# Used 721



## ratoren (Dec 28, 2005)

Got a quick question for you Dish experts out there:

I just picked up a 721 at the flea market - nice and cheap (like $10). Got home, installed it, and registered it with DishNetwork and everything works great (though I did have to buy a DPP Plus on ebay for $20). 

Only question is that I subscribe to the Americas 60 package, and on my 508 (and the 501 which the 721 replaced), I only get the stations which I am paying for. However, on the 721, I get every single station (other than PPV) - including the HBOs, Showtimes, Cinemaxs, music, etc... 

So the question is what is going on with this? Will Dish eventually figure this out and charge me for this use? I'm not complaining, I just want to be prepared for whatever Dish decides to throw my way with this "freebie". 

Thanks for your help on this...


----------



## finniganps (Jan 23, 2004)

It's possible that the old programming on the box was still paid for and it will resolve itself within a few days, especially since you properly registered it with Dish. If it continues after that, you could have bought a pirated box, in which case you should call Dish and find out what needs to be done to have a legal box to protect yourself from violating federal piracy laws.


----------



## ratoren (Dec 28, 2005)

Just a follow-up. It corrected itself after a week - Oh well. Finniganps knows what he's talking about.

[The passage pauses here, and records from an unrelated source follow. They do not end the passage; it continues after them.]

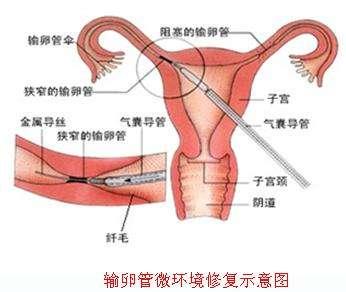通草的功效與作用能通輸卵管堵塞,高速響應(yīng)計劃實施_高級款41.765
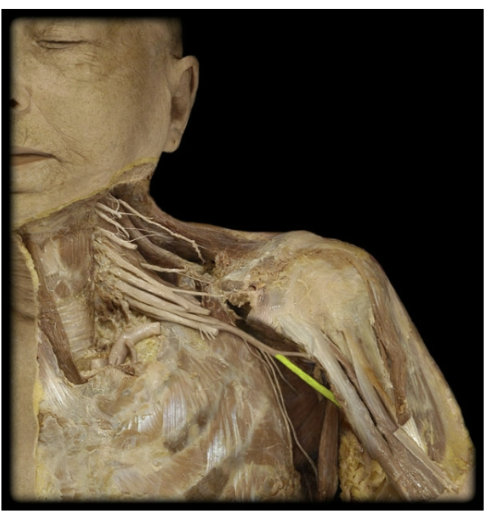 <p>What’s the spinal level of the Radial nerve?</p>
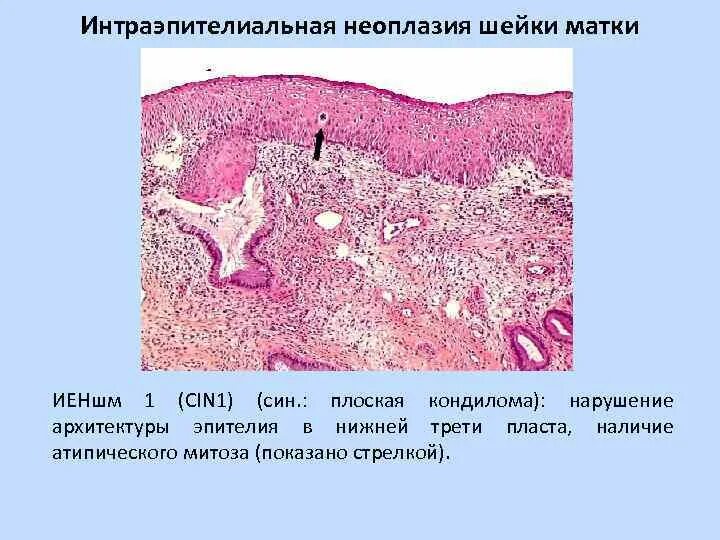 Неоплазия лечение. Дисплазия эпителия 3 степени. Дисплазия шейки гистология. Цервикальная интраэпителиальная неоплазия (Cin). Неоплазия эпителия матки.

I knew there was a reason I subscribed to Americas Top 60 only - with more than 180 stations for an entire week, the only good programming the entire time was on channel 496.


----------



## finniganps (Jan 23, 2004)

I'm glad it all worked out. Yeah, I've had the AT 60 or equivalent package for almost the entire time I've had Dish (since 1999). For the most part, that's all I need. 

There are some channels I wish I could purchase a la carte, but I already watch too much TV, so this would make it worse. Enjoy your 721 - I love mine!

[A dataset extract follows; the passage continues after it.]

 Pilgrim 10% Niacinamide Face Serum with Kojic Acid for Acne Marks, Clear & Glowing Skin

The reason we would move up a package would be to get the music channels - those really are nice. Who knows, perhaps I'll break down and pay the extra $10/month next year.


----------



## chris03053 (Dec 5, 2005)

Can you still activate the 721? I thought they were fazzing them out.


----------



## finniganps (Jan 23, 2004)

There's no rule against activating a 721 - Dish probably won't sell you one, but if you buy one, they'll activate it. Heck, you can still activate a 7100 from 1999 if you want.


----------



## chris03053 (Dec 5, 2005)

Thanks. 

I have one hanging around, so i figured i would shut one of my older ones and activate the 721.


----------